The Science Museum of the University of Navarra has a collection of more than 1,000 specimens of rocks, minerals and fossils. The specimens come mainly from donations from the Colegio de Nuestra Señora del Buen Consejo de Lekaroz (rocks, minerals and fossils) and from the personal collection of Mr Manuel Martel, consisting mainly of minerals of great beauty and size.
The collection also has some examples of the most abundant fossils in the surrounding mountains, as well as examples of extinct groups such as trilobites and
The Museum has numerous pieces of antique laboratory and pharmaceutical instruments on display. A visit to the display cases allows us to see different containers with spices, microscopes, linoscopes, flasks, test tubes and beakers -among others-, as well as other documents and books that have been donated for exhibition. The Museum also has an old 19th century pharmacy that belonged to Marcos Usía, an apothecary from Llodio (Álava), and was donated in 1973 by his family.
Vertebrates usually occupy a predominant place in any Natural History Museum. Naturalised mammals, birds and reptiles form the basis of the exhibition and some groups serve to explain phenomena of adaptation, evolution and phylogenetic relationships. Several hundred specimens and species can be found among the display cases in the Science building, some from exotic locations although most are European species. Iberian species of reptiles and amphibians are well represented (with between 60 and 80% of the species cited in the peninsula) and a large representation of mammals and birds. The research funds in this group are mainly focused on freshwater fish species and micromammals (rodents and insectivores) of which there is an extensive record (temporal and geographical) of the Navarrese territory and which include all the Iberian species of this group.
The origin of the Herbarium of the University of Navarra dates back to the arrival of Professor T.M. Losa España in 1964 at the university. A year later, Dr.
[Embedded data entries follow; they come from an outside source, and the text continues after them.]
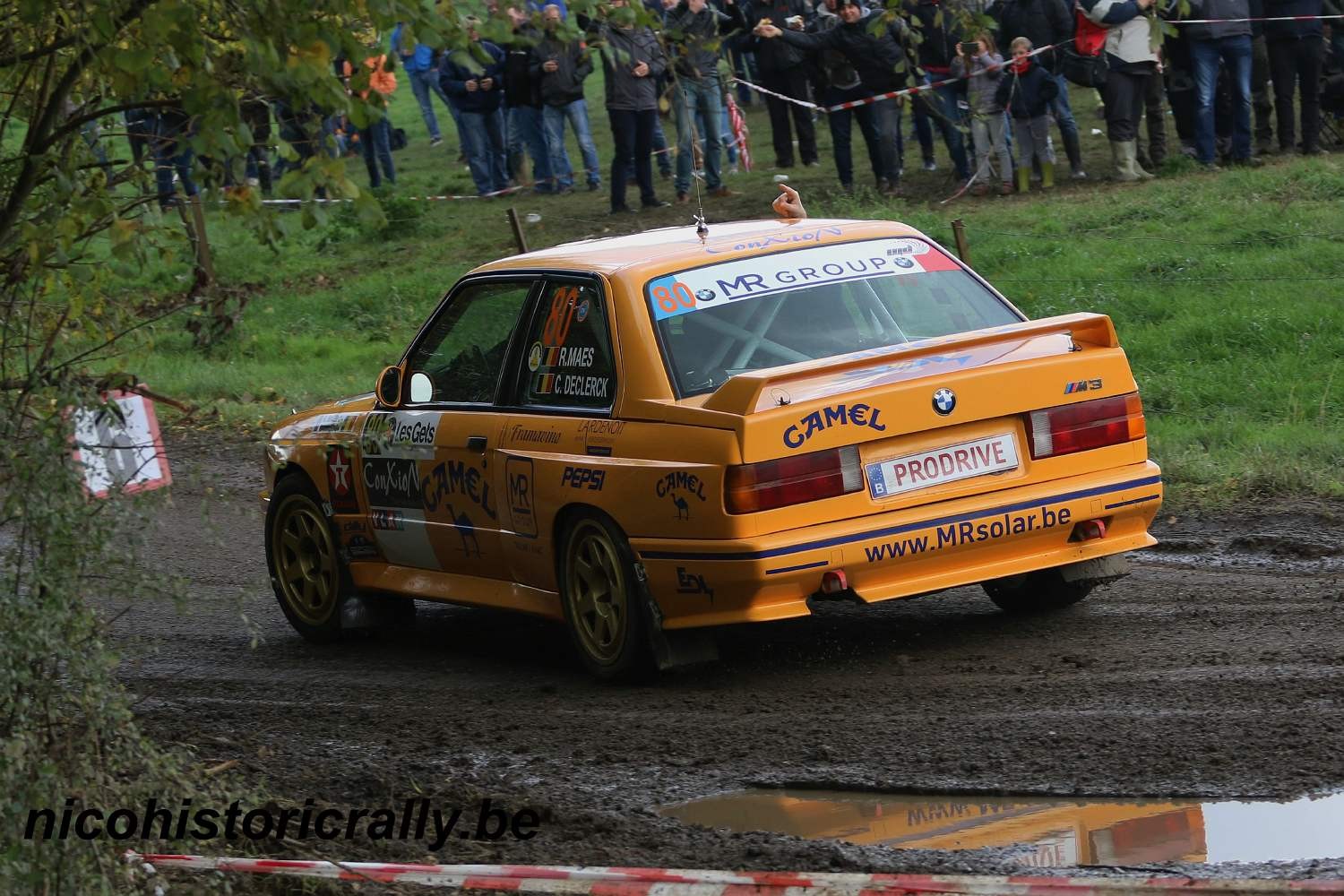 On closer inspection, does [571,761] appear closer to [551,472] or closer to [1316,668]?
[551,472]

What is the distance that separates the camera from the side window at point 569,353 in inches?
287

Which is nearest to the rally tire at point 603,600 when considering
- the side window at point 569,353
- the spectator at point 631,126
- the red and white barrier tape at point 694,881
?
the side window at point 569,353

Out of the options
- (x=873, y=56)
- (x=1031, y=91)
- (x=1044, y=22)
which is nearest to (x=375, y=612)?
(x=1031, y=91)

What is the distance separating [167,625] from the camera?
9.62m

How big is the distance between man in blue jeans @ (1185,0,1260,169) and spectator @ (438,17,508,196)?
8.11m

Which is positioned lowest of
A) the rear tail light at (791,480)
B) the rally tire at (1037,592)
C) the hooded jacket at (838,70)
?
the rally tire at (1037,592)

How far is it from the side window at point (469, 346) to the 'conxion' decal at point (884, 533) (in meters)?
1.56

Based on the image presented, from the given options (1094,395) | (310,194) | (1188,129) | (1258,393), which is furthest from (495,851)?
(1188,129)

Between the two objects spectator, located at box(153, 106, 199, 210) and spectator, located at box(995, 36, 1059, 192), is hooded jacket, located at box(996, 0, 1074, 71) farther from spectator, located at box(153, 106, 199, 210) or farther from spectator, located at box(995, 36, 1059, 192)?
spectator, located at box(153, 106, 199, 210)

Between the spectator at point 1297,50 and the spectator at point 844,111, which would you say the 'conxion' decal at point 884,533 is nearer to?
the spectator at point 1297,50

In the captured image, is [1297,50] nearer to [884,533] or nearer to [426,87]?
[884,533]

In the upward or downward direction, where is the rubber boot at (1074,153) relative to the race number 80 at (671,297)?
downward

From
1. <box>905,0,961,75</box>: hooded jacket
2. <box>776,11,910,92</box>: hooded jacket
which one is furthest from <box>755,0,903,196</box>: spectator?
<box>905,0,961,75</box>: hooded jacket

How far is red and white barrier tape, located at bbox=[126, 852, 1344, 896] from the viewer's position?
4.33 metres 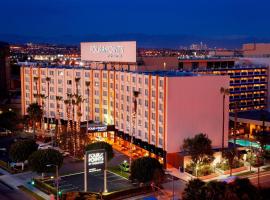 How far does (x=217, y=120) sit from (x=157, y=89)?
44.7 feet

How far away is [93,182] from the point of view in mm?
78000

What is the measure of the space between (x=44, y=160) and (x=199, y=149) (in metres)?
26.7

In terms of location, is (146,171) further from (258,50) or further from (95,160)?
(258,50)

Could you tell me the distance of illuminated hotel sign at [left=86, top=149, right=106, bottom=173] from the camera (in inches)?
2756

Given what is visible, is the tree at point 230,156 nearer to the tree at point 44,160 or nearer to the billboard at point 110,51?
the tree at point 44,160

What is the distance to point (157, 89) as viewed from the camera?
90.5 m

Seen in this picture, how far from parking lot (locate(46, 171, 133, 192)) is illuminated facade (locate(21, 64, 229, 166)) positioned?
42.5 ft

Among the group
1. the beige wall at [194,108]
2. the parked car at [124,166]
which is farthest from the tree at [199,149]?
the parked car at [124,166]

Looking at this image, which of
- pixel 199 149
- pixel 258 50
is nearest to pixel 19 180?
pixel 199 149

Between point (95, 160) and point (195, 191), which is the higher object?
point (195, 191)

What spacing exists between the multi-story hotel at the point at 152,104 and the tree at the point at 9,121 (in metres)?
12.5

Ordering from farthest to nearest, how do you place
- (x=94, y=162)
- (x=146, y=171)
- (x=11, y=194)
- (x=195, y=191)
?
(x=11, y=194) → (x=146, y=171) → (x=94, y=162) → (x=195, y=191)

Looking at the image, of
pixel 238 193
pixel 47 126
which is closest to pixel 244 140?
pixel 47 126

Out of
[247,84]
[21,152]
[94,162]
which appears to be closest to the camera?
[94,162] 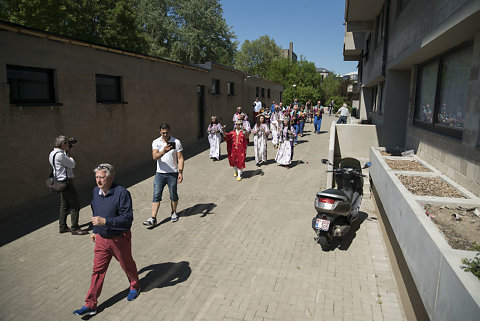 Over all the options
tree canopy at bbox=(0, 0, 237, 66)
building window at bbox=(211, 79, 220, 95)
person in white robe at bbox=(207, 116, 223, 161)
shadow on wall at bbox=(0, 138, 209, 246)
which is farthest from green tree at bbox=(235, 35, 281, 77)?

M.L. López began her doctoral thesis, maintaining her contributions to the herbarium uninterruptedly for several decades. In 1970 the herbarium was registered in the Index Herbariorum under the acronym PAMP. He is currently an institutional member of the Asociación de Herbarios Ibero-Macaronesicos (AHIM).
Most of the material deposited in the herbarium comes from collections made by researchers from the Department of Botany of the University of Navarra, as a result of theses, dissertations and various research projects generally carried out in the territory of the Autonomous Community of Navarra. The herbarium houses several collections organised by taxonomic groups: fungi, lichens, bryophytes and vascular plants. The vascular plant collection is the largest and contains approximately 100,000 specimens, of which nearly 50,000 are computerised and more than 40,000 are published in GBIF.
Non-insect invertebrates make up the largest part of the Museum's collection, at least in terms of the number of specimens and species housed there. Among other groups, hundreds of thousands of specimens of nematodes, annelids, molluscs and, above all, arachnids (spiders and mites) and springtails, are deposited and conserved in the Museum's facilities. Decades of research dedicated to different aspects of the ecology of our soils have given rise to this extensive collection which includes more than 250 type series (new species for science). The usual size of these animals (in the order of a millimetre) makes it very difficult to exhibit them to the public and they remain in the collection at the disposal of researchers on request.
Insects are the other large group of invertebrates, numerous in number of specimens and species, which can be found in the Museum's collections. Among the insects in the collections, one group of particular beauty and diversity stands out: the Lepidoptera. This group, which includes butterflies and moths, has a large representation of tropical specimens thanks to donations received. Some of the largest species in the world can be seen in the exhibition and others are surprisingly colourful. Local butterfly species have also been the subject of various research projects and, together with other insects, contribute several type series to the collection.